In the data below, find the line containing "Grand Cherokee 6,4"; transcribe it and each line after it exactly, through the last, skipping pictures.
========
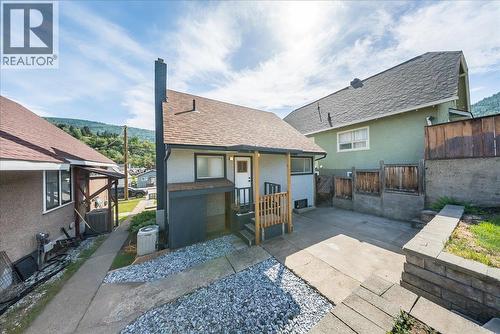 1480 Third Avenue, Trail, BC - Outdoor With Exterior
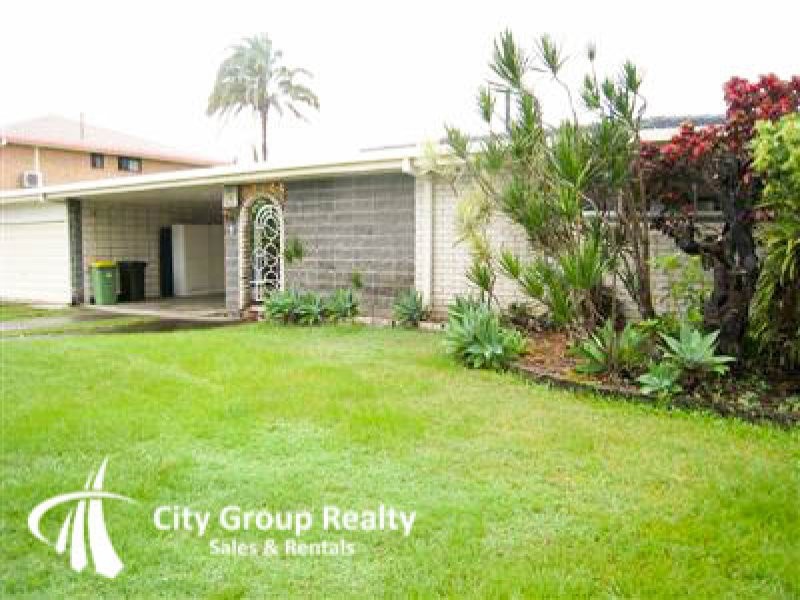1 Sheridan Park Avenue, Broadbeach Waters QLD 4218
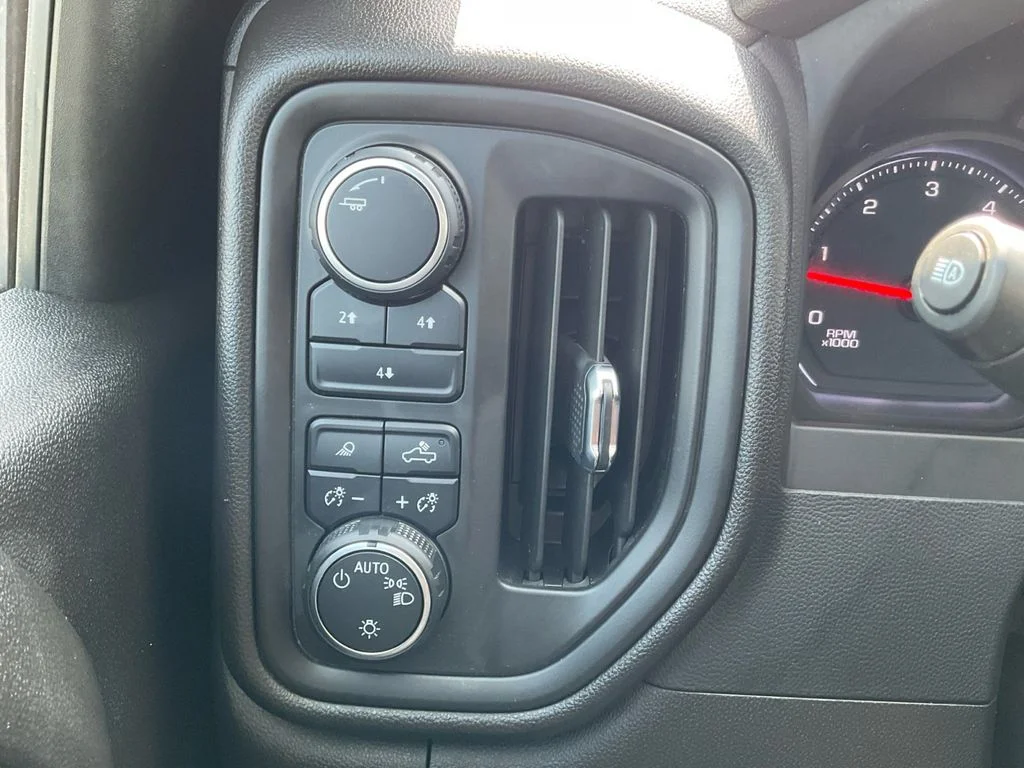 Used 2024 White Chevrolet Custom image 31
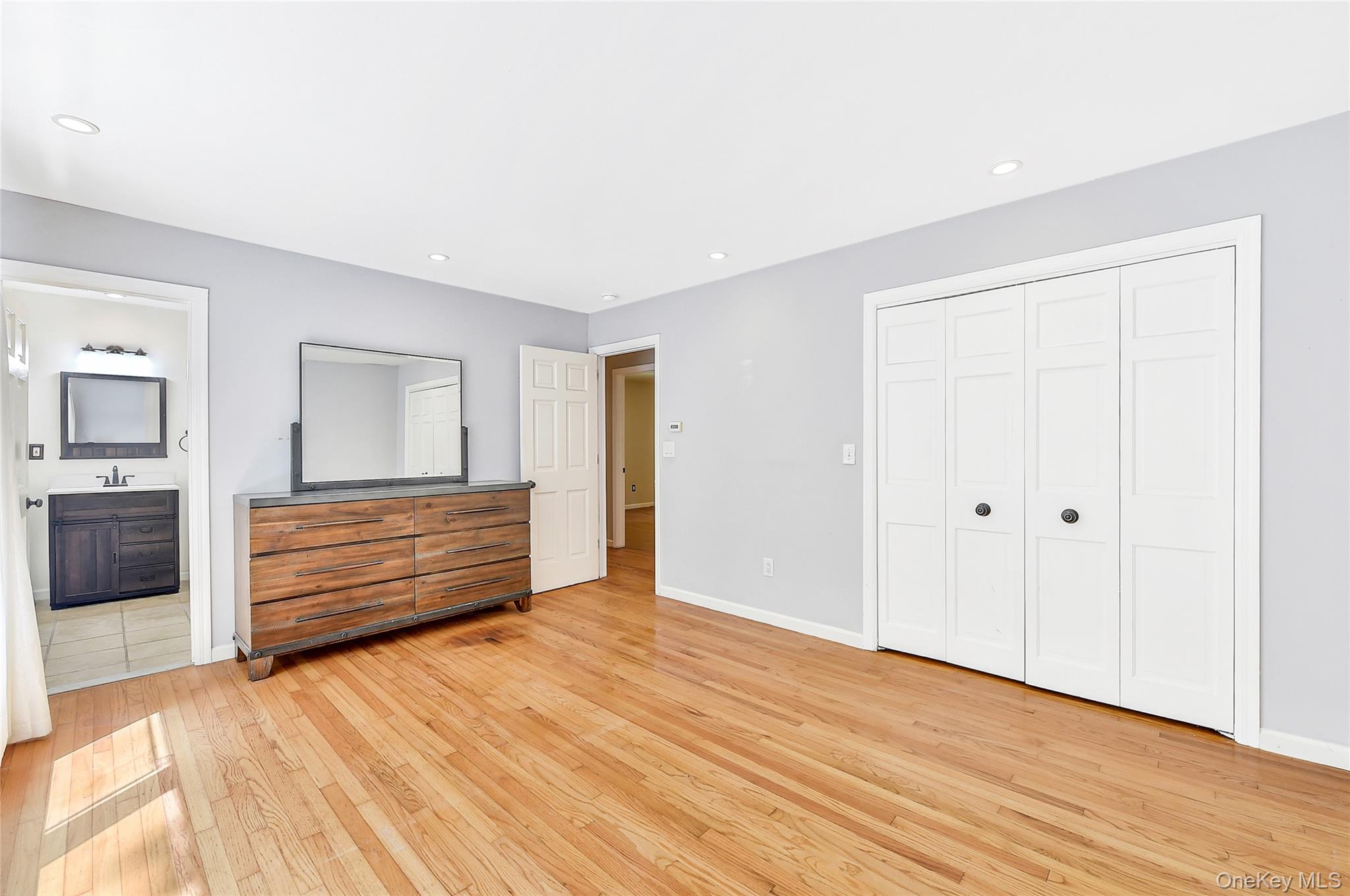 18 Stage Road Pine Island, NY 10969 - Photo 27 of 42 a room with a bed and cabinets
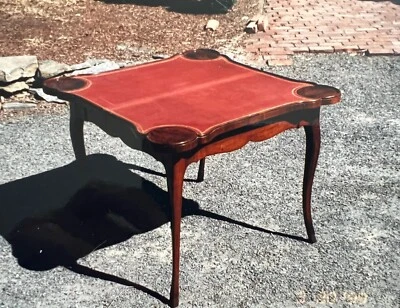 Mesa de Juego-Concertina Acción Plegable - Superficie de Juego de Cuero. Siglo XVIII Foto 1 de 2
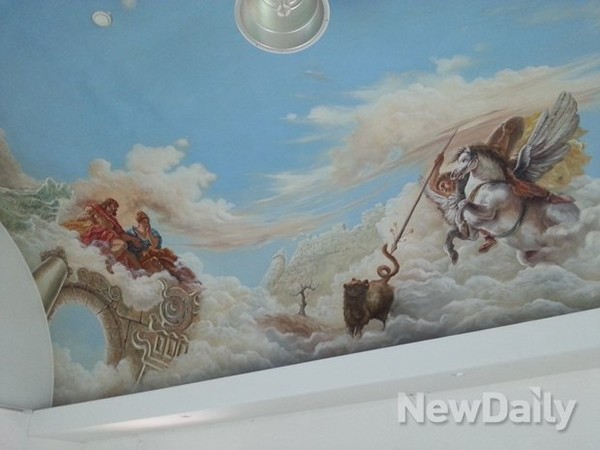 ▲ 서세원이 담임을 맡았던 솔라그라티아 교회의 내부 전경. 현재 이곳에는 다른 사무실이 입주해 있다.   ⓒ 뉴데일리 조광형 기자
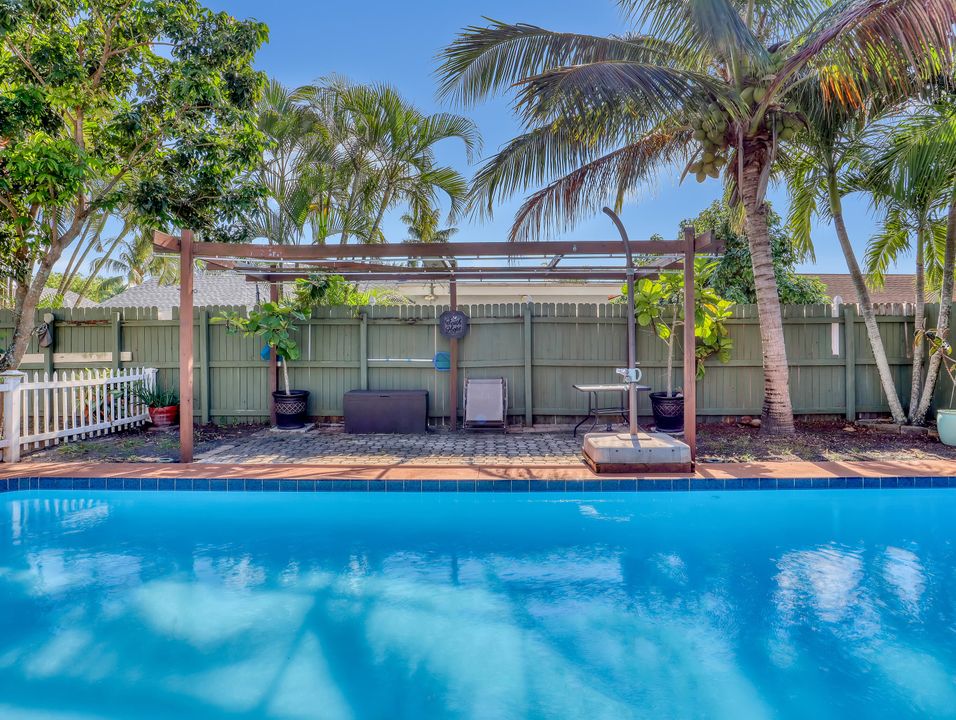 For Sale: $549,900 (4 beds, 2 baths, 1638 Square Feet)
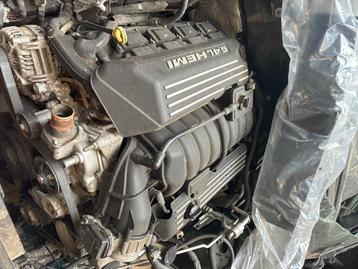 Grand Cherokee 6,4 motor /moteur  beschikbaar voor biedingen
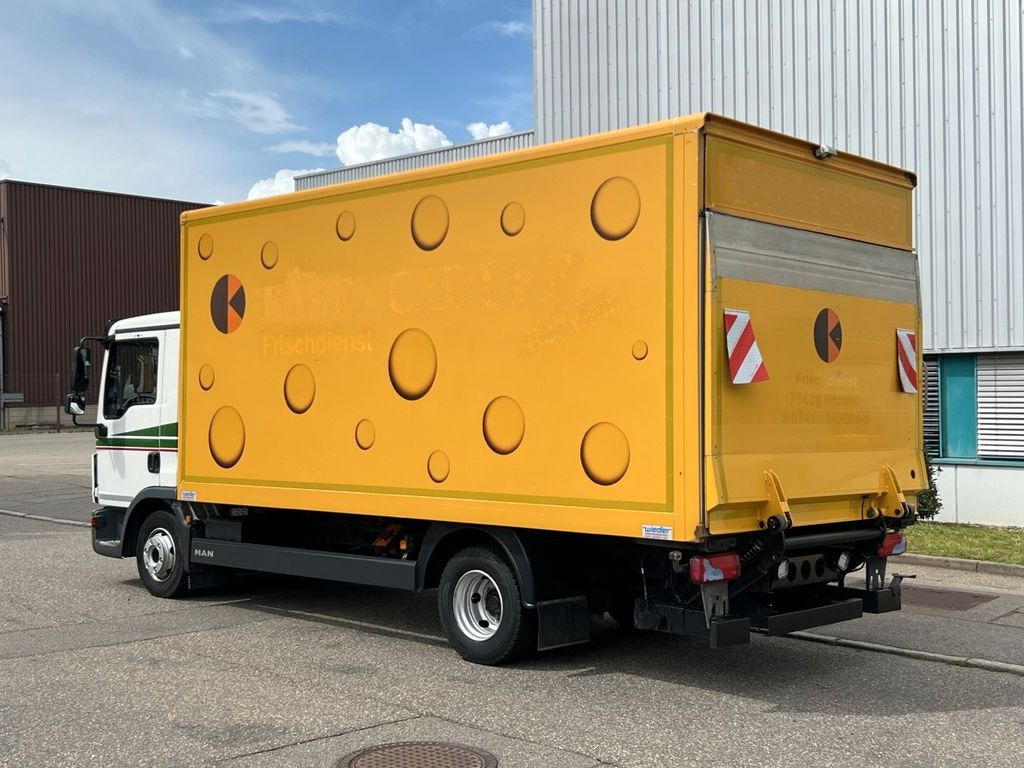 MAN TGL 8.220 Kühlkoffer 5,26m LBW Klima Luftgef. MAN TGL 8.220 Kühlkoffer 5,26m LBW Klima Luftgef. - Samochód dostawczy chłodnia: zdjęcie 5 MAN TGL 8.220 Kühlkoffer 5,26m LBW Klima Luftgef. MAN TGL 8.220 Kühlkoffer 5,26m LBW Klima Luftgef. - Samochód dostawczy chłodnia: zdjęcie 5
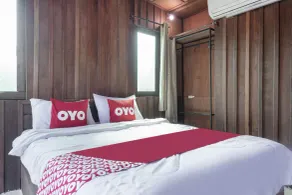 OYO 693 Tree House Cottage - Room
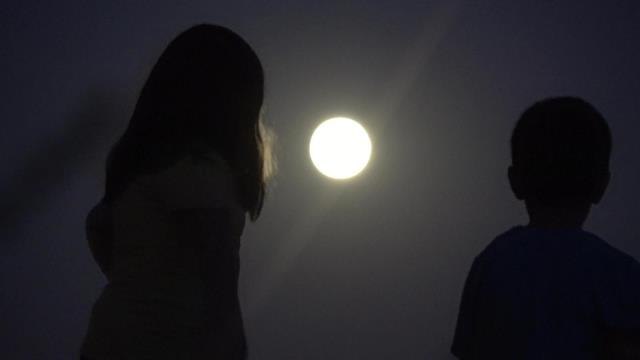 Süper Ay kendine hayran bıraktı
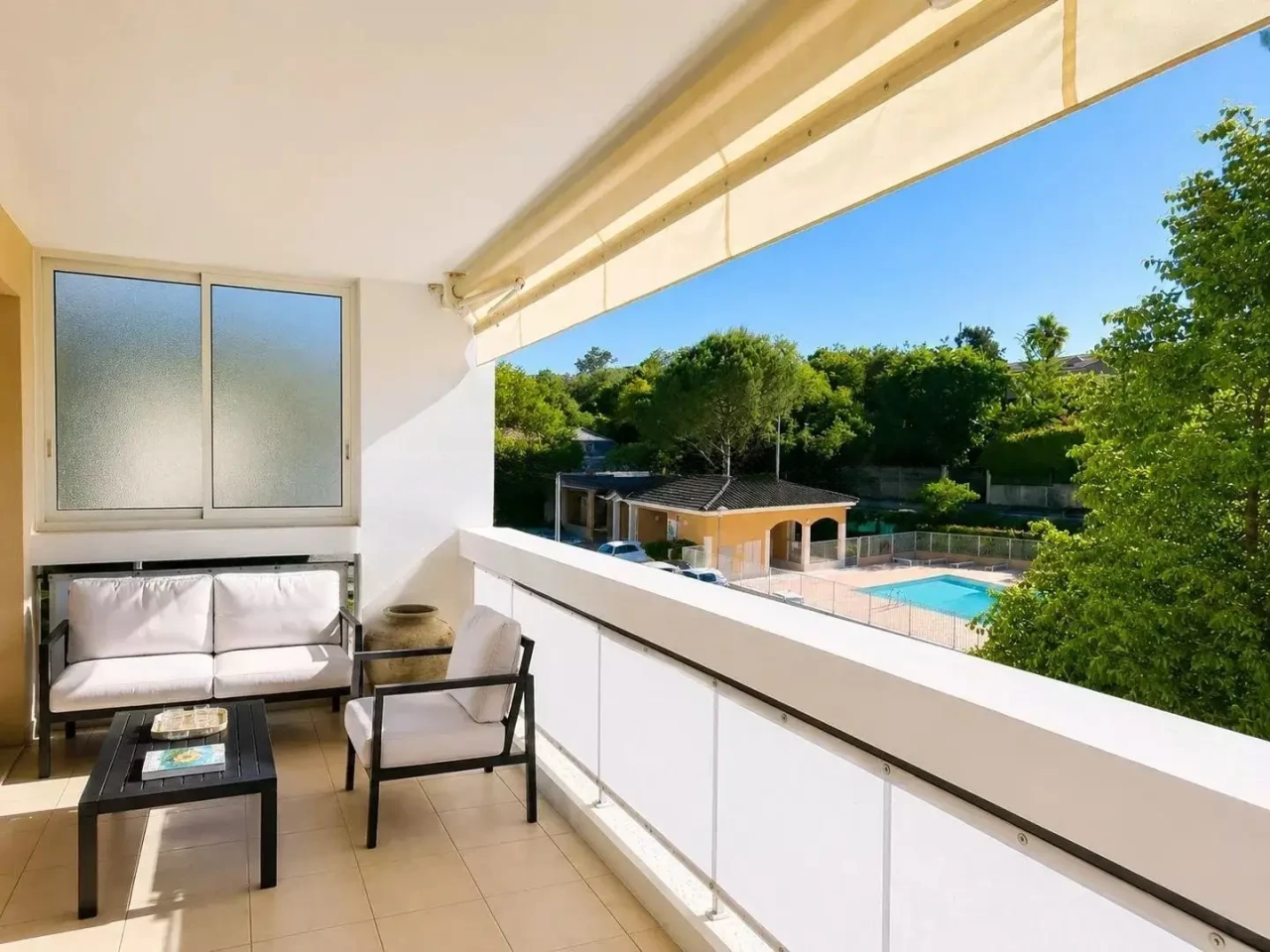 Flat in Cannes, France, 90 m² - picture 1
========
• **WRITTEN ANSWER**:
 Grand Cherokee 6,4 motor /moteur  beschikbaar voor biedingen
 MAN TGL 8.220 Kühlkoffer 5,26m LBW Klima Luftgef. MAN TGL 8.220 Kühlkoffer 5,26m LBW Klima Luftgef. - Samochód dostawczy chłodnia: zdjęcie 5 MAN TGL 8.220 Kühlkoffer 5,26m LBW Klima Luftgef. MAN TGL 8.220 Kühlkoffer 5,26m LBW Klima Luftgef. - Samochód dostawczy chłodnia: zdjęcie 5
 OYO 693 Tree House Cottage - Room
 Süper Ay kendine hayran bıraktı
 Flat in Cannes, France, 90 m² - picture 1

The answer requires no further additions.